When my colleagues in HT set out to do a special series on the condition of DDA flats three years back, they found many such stories. Even if the flats were maintained well by the owners, the common areas — staircase, terrace and back alleys — were collapsing. With the DDA giving up all responsibility after it sold the flats, it was clearly nobody’s concern.
Residential colonies that came up in the 1950s to resettle families displaced due to the Partition, and those developed in south, north and west Delhi by private developers, may have changed in character with new builder flats coming up. But their supporting infrastructure is crying for an upgrade.
Even in New Delhi, the century-old brand new segment of this 2,000-year-old city, the infrastructure is about to expire. In the Lutyens’ zone that has possibly the best civic management in the country, the alarm bell rang last month when there was so much stink from a sewer in the Parliament building that the Rajya Sabha proceedings were adjourned.
The sewage lines laid by the British have not been changed since. In the rest of the city, the last overhauling exercise happened in the 1980s. While roads crumble in absence of storm water drains, there is little difference between Sangam Vihar and Greater Kailash when it comes to chronic sewage backflow.
Urban renewal is part of any modern city’s planning. In Delhi, the concept is as old as the Master Plan itself. The MPD-1962 projected ‘urban renewal as a strategy of redevelopment, rehabilitation and conservation” in the context of Shahjahanabad and the extension of the walled city. The plans that followed included other conservation zones and special areas such as Karol Bagh.
The current plan, which is presently being reviewed, even authorises redevelopment of newer areas that are in “poor urban form”. It calls for a complete civic overhaul, increasing the floor area ratio to allow taller buildings, possibly in cluster courts or group housing, to be developed by private parties.
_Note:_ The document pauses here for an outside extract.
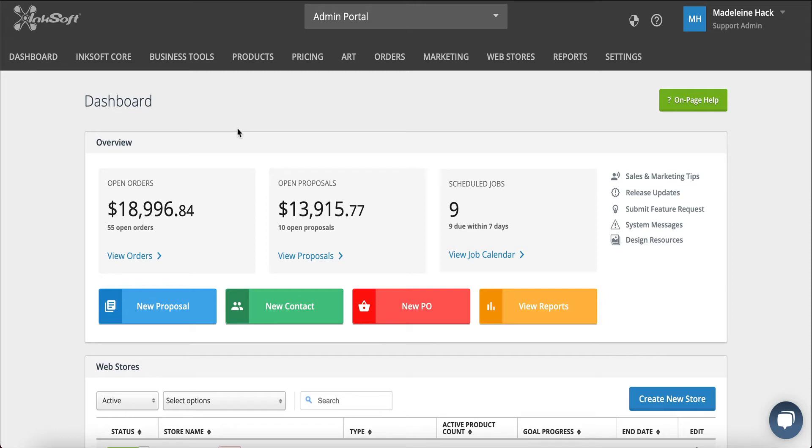With Inksoft Core and the order management system, all invoices and online orders get centralized in one powerful, complete, and easy-to-use order management workspace.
But plans remain on paper. All Delhi has seen so far in the name of urban renewal is the restoration of Connaught Place. Instead, the focus has been on greenfield development by unlocking new areas in the outskirts of the city for residential and commercial use, triggering a land rush. This is when the Master Plan clearly says that 40% of Delhi’s land requirement can be met through re-densification and redevelopment of the existing areas.
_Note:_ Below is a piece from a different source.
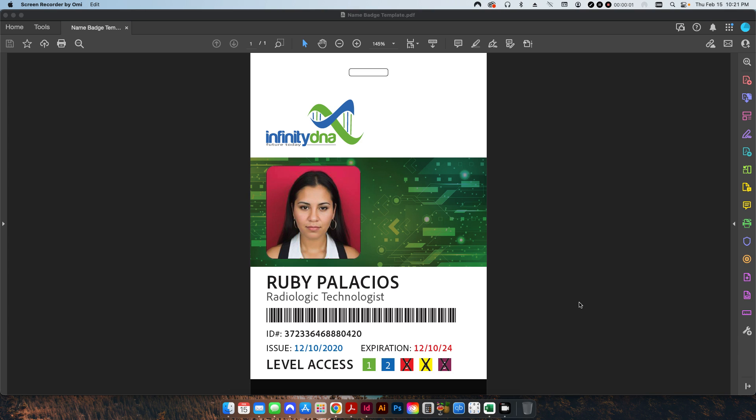How's it going folks? Welcome back to the channel. Today we're going to be talking about how to automate the setup for creating an ID card or badge using Adobe InDesign and Data Merge.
The first Master Plan gave authorities 20 years to redevelop the Walled City. Today, roads have caved in, hundreds of dilapidated buildings have become death traps, and sewerage system is either non-existent or choked. In many katras, hazardous industrial units run illegally.
AK Jain, who was a planner with the DDA for 30 years, recalls that the only time two old city pockets, Dujana House (near Jama Masjid) and Turkman Gate, were redeveloped was during the Emergency years. If the Walled City has been waiting for 50 years, there is little hope for the rest of the city, which has found a mention in the Master Plan only recently.
In 1858, the year of the big stink, functioning of the House of Commons was affected, forcing a total overhaul of the London sewer system. Maybe a few more adjournment of the Upper House will set the ball rolling in Delhi.